Sob o ponto de vista histórico, além dos costumes sociais do feudalismo, a arquitetura e os costumes sociais também estão presente em “Mundo sem fim” e a descrição da epidemia de peste é simplesmente brilhante. De uma forma didática, forte e direta, Ken Follet consegue abordar todos os aspectos envolvidos na epidemia que dizimou um terço da população europeia. Os aspectos sanitários, o aspecto científico do tratamento versus o fanatismo religioso, o aspecto social após a devastação, o aspecto de religiosidade e de costumes, o aspecto político da crise de mão de obra que colocou em cheque todo o sistema servil. É simplesmente brilhante.
Mas, à parte de todos os elogios à obra, acho que em algum momento depois da metade do livro ele começa a se arrastar de maneira tediosa. Parece uma necessidade de escrever mil páginas em detrimento à necessidade de contar uma história. Claro que pela qualidade do texto você acaba não desistindo, mas é fato que os arcos narrativos começam a se repetir e repetir sem nenhum objetivo. Chega uma hora que o livro vira uma fórmula que você já adivinhou. Alguma coisa vai dar certo, aí o Padre Prior vai fazer uma aliança política, a Caris vai rejeitar o Merthin, a peste vai voltar, o Ralph vai estuprar alguém e a Gwenda vai ter uma ação dolorosa, mas inteligente. Na primeira vez é ótimo, mas na quarta vez já ficou chato. A romance de Caris e Merthin se torna chato e insosso, o sofrimento de Gwenda e a maldade de Ralph se tornam entediantes.

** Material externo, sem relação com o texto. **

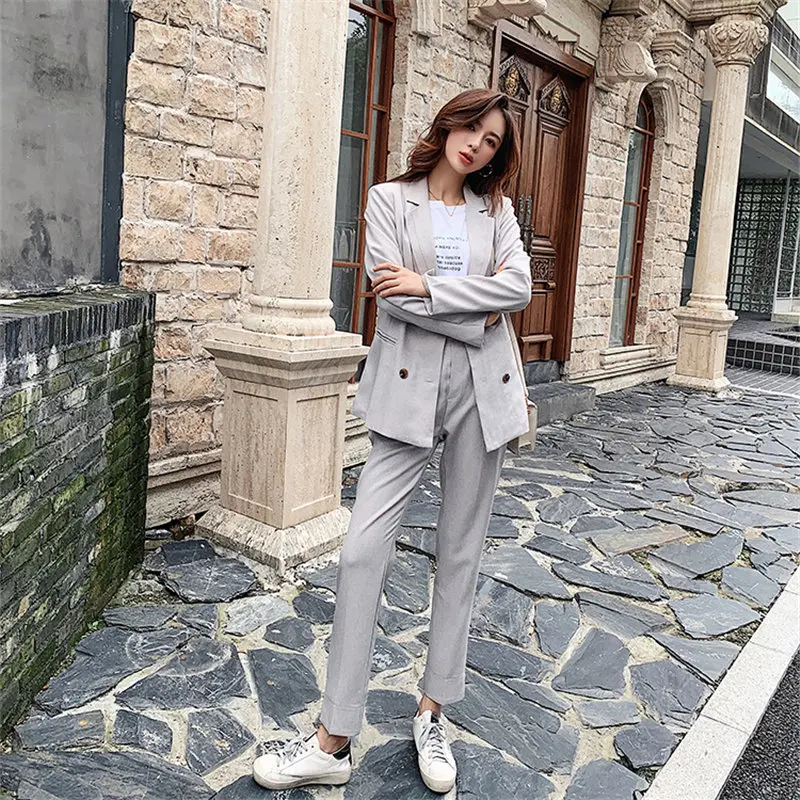 

HziriP New Elegant Office Lady 2019 Autumn All Match OL Solid Blazer +Straight Loose Trouser Women Work Wear Suits 2 Piece Set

É tanta reviravolta desnecessária que quando o grande segredo do rei que manteve a unidade do quarteto e iniciou toda a trama é revelado, ele não tem mais importância nenhuma. Mesmo o papel de Sam como filho que se vinga de Ralph não traz emoção, porque a narrativa já está tão arrastada que perde o ponto. Não sei se esse meu entendimento tem a ver com o fato de ter lido esse muito seguido de “Pilares da Terra” e essa ser uma fórmula que também estava lá. Talvez se tivesse lido esta obra daqui um ou dois anos eu não teria esse sentimento, mas para o momento esse é o sentimento que fica ao final da leitura.
De qualquer forma, o talento de Follet para escrever romances históricos é indiscutível e ler essa obra te aproxima da idade média e desse contexto histórico muito mais que dezenas de livros didáticos.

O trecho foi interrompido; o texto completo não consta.